Any hardware is condemned to be performance limited, so our systems' goals must be reasonably limited.

But sometimes we can reach higher and faster by careful planning and analysis of the system we are to model. Many techniques can be used in order to speed up our calculations, and thus allow us to be able to create unique, complex particle systems. In this section, I will detail a variety of tips and tricks that can multiply the richness and quality of your results. Note, however, that there is no silver bullet in this advice. Only a deep knowledge of what you are modeling can help you determine which of these techniques might work best for you.

Avoid Malloc and Free

The first optimization for particle systems is based on the observation that allocating and freeing memory is a slow process. Thus, calls to memory management routines inside the system's loops should be avoided as much as possible. Although very efficient memory managers have a significant overhead for each allocation or deallocation of memory. They must scan the free blocks of memory, select the best-suited one (according to different policies), and so on. So, taking some time to plan your code is the best way to achieve top performance.

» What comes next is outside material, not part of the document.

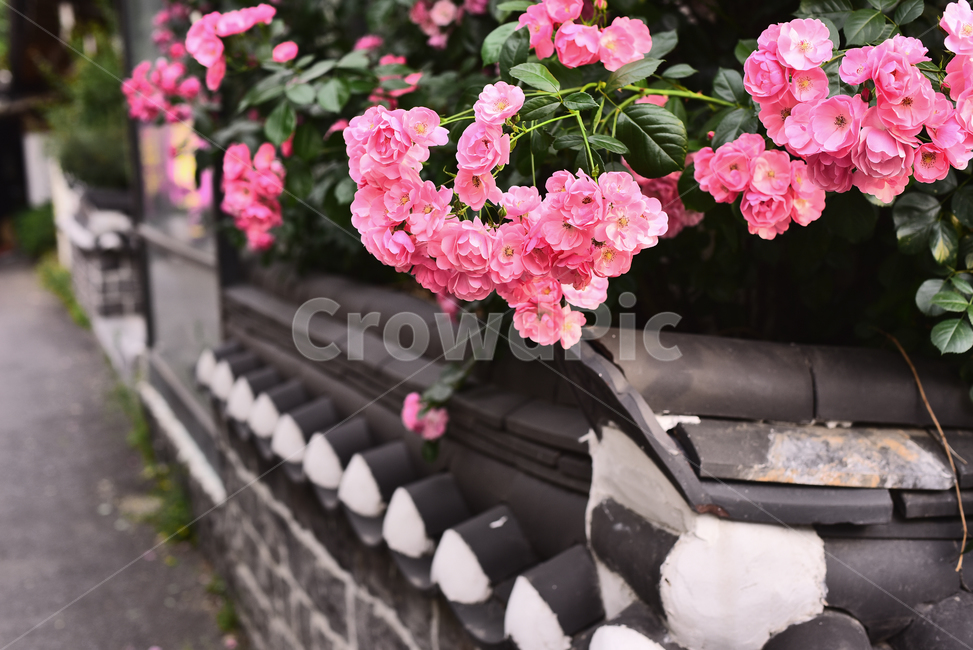한국전통,장미꽃,5월,기와,민속촌,한국적,코리안,분홍색,핑크색,pink,korean,traditional,rose,분홍장미꽃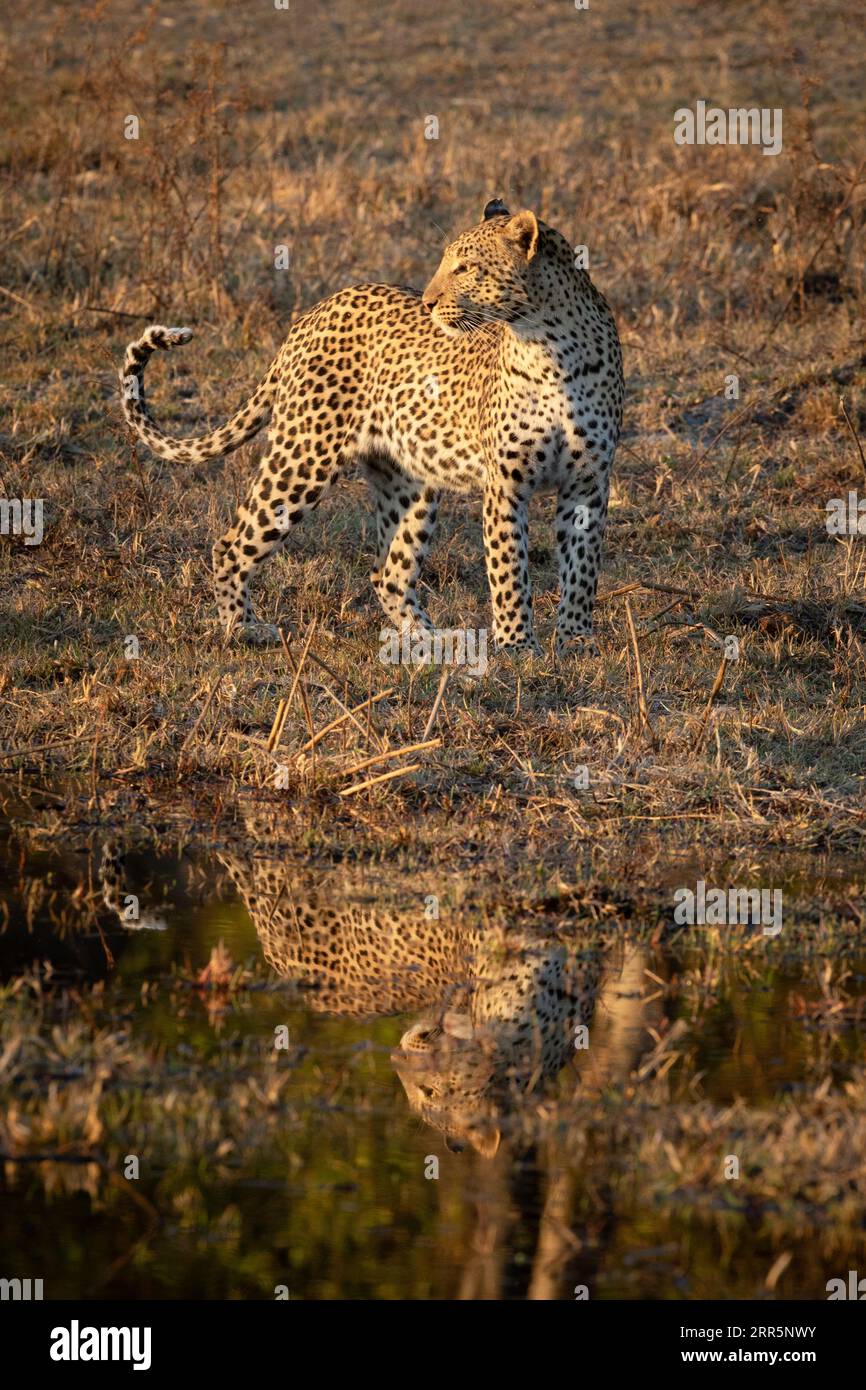 A lone beautiful leopard is reflected in the water as it hunts in ...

For example, freeing memory each time a particle dies (or allocating more memory for newborn particles) can have a significant performance hit, especially in those systems with large particle numbers or short life spans.

An alternative to malloc and free (or new and delete, if you lie in C++ land) must be found in order to avoid their cost. The easiest approach is to map our system to a static array of particles. Then, each time a particle gets killed, we will mark it (using one Boolean flag). This way the deletion routine can be skipped. We do not need to be allocating memory for new particles all the time. They are placed in the same array positions as dead particles instead. Using this technique, the particle system can contain a constant number of particles, avoiding calls to malloc and free.

From the previous discussion, you might think we need to loop the array to determine where to put a newborn particle. But it needn't be the case. One loop can recalculate, kill, and respawn in an efficient manner. Here is the code idea:

 for each particle in the system    if particle is dead          respawn the particle[i]       else          recalc particle[i]       end if end for

Spatial Indexing

Spatial indexing (explained in detail in Chapter 4, "Design Patterns") allows us to quickly perform queries that have to do with spatial locations. Tests like calculating the distance from one point to a set of objects, selecting closest pairs in a spatial set, and so on can be accelerated considerably by using them. Thus, using a spatial index should allow us to speed up global particle systems significantly.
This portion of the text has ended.